Mays Cancer Center identifies possible markers to detect metastatic lung cancer sooner
Mays Cancer Center Annual Report
Researchers at Mays Cancer Center at The University of Texas Health Science Center at San Antonio have identified protein markers that could signal the development of metastatic lung cancer sooner – making it possible for new treatment.
The findings led to a five-year, $1.6 million grant from the National Cancer Institute of the National Institutes of Health, paving the way for a clinical trial for patients with advanced lung cancer.
“For the trial, we are looking to recruit patients with lung adenocarcinoma, the most common primary lung cancer in the United States, and particularly those with a refractory condition for which treatment hasn’t been effective,” said Josephine A. Taverna, MD, lung oncologist at Mays Cancer Center and associate professor in the Division of Hematology and Oncology at UT Health San Antonio and principal investigator of the grant.
The research by Taverna and her colleagues indicates that certain proteins known as AXL and STAT3 together transmit signals that appear in more advanced stages of lung cancer. This signaling, triggered by lung cancer cells and cancer-associated cells, helps tumors grow and spread to other organs.
“These findings suggest the potential application of AXL-STAT3-related markers to quantitatively assess metastatic potential and inform therapeutic strategies in lung cancer,” Taverna said. “It provides a therapeutic rationale for targeting this network.”
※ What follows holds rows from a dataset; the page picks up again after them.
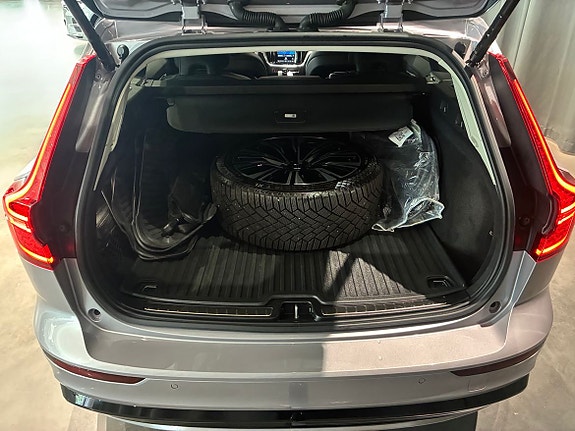 Volvo V60 11 of 18
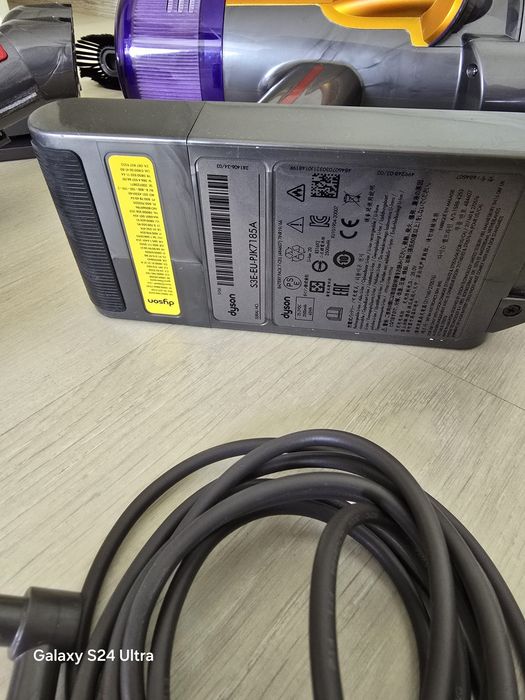Вертикална прахосмукачка Dyson V12 slim absolute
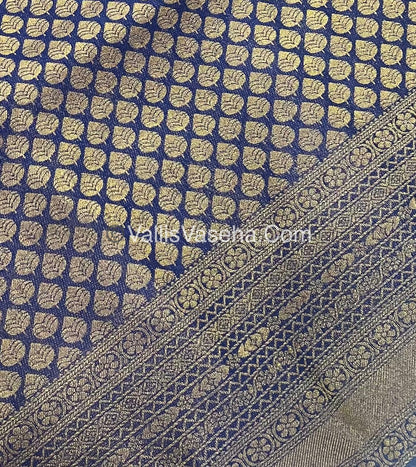 50% less - Offer Saree - Semi Soft Silk Saree   - VVDS006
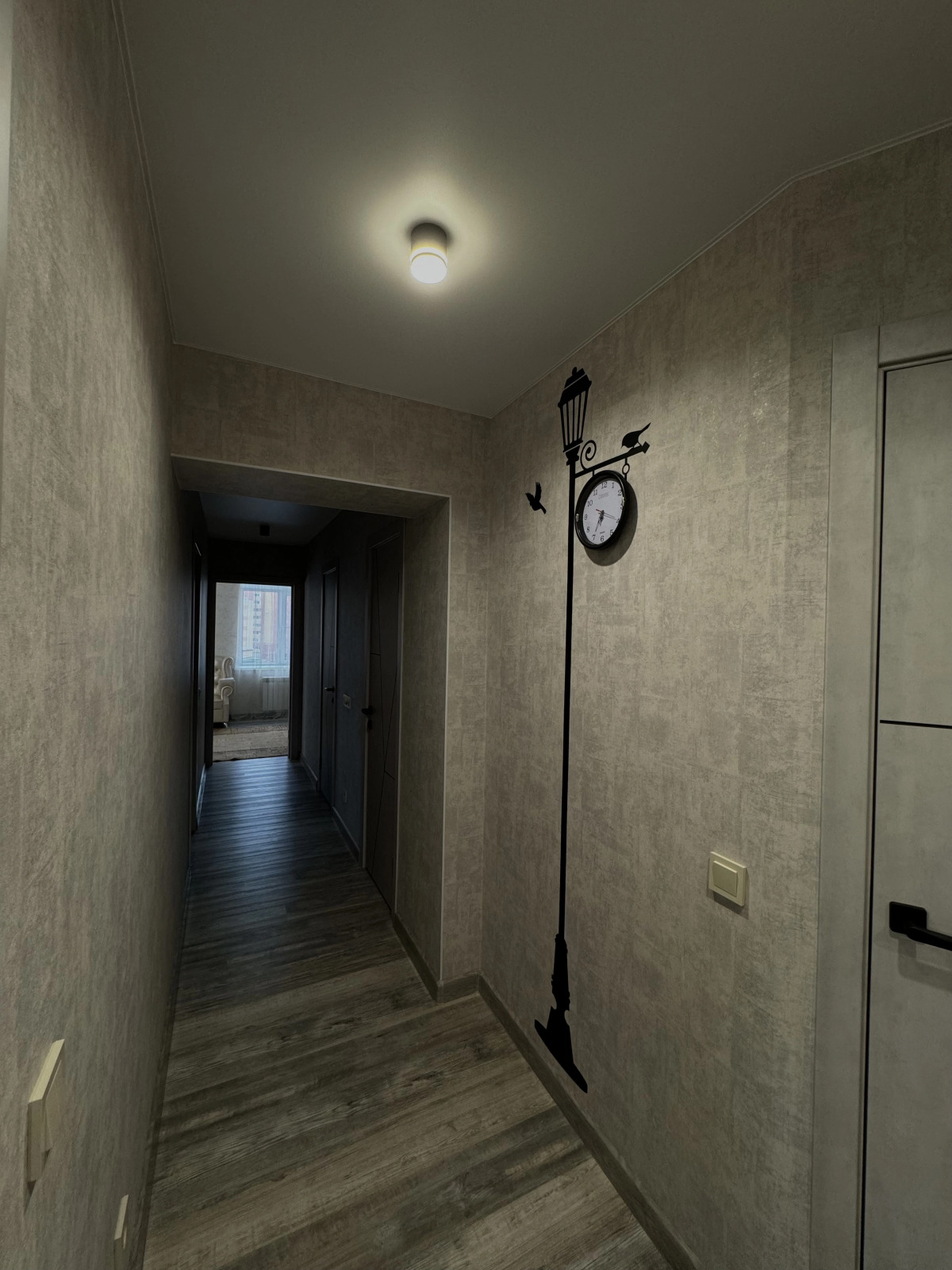 2-х комнатная новая, чистая, уютная и просторная квартира рядом с Набережной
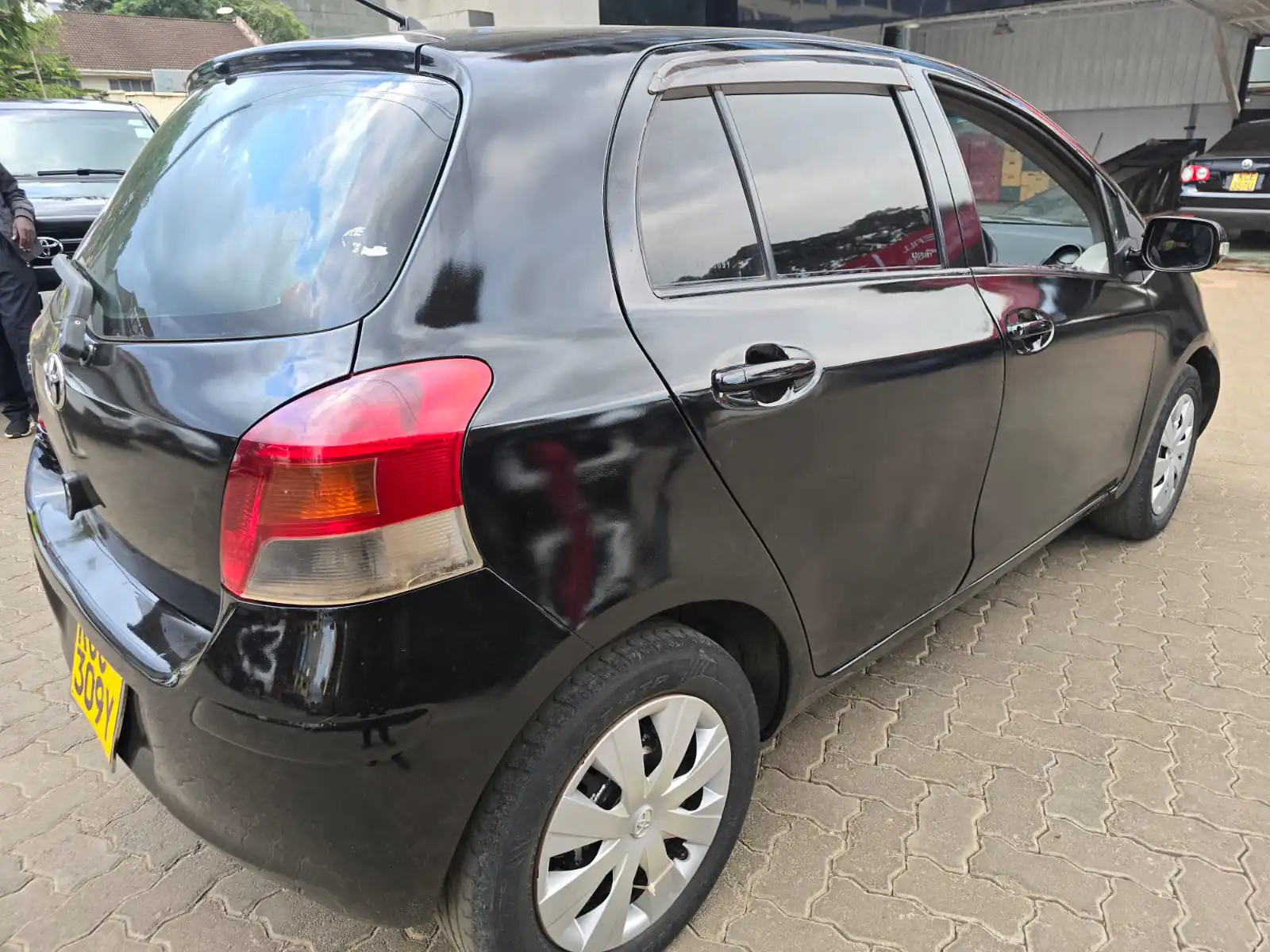 Toyota Vitz New Shape 😲 QUICK SALE. Cars from 150K, 30% Deposit lipa pole pole. Hire purchase installments HP. UpTo 70% financing/finance NO CRB STATUS CHECK Trade in OK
The research may help scientists develop tools for early detection as well as new treatment strategies. The researchers analyzed 15 lung tumors from 13 patients with lung adenocarcinoma, one patient with squamous cell lung cancer and one patient with pleiomorphic carcinoma. They found predominant and consistent AXL-STAT3 signaling in the tumor and other cancer-related cells.
“Our experiments in the lab suggest that targeting the AXL-STAT3 pathway can prevent tumor cells from recruiting tumor-associated macrophages and other aggressive host cells into the tumor microenvironment, thereby inhibiting tumor growth and spread,” Taverna said.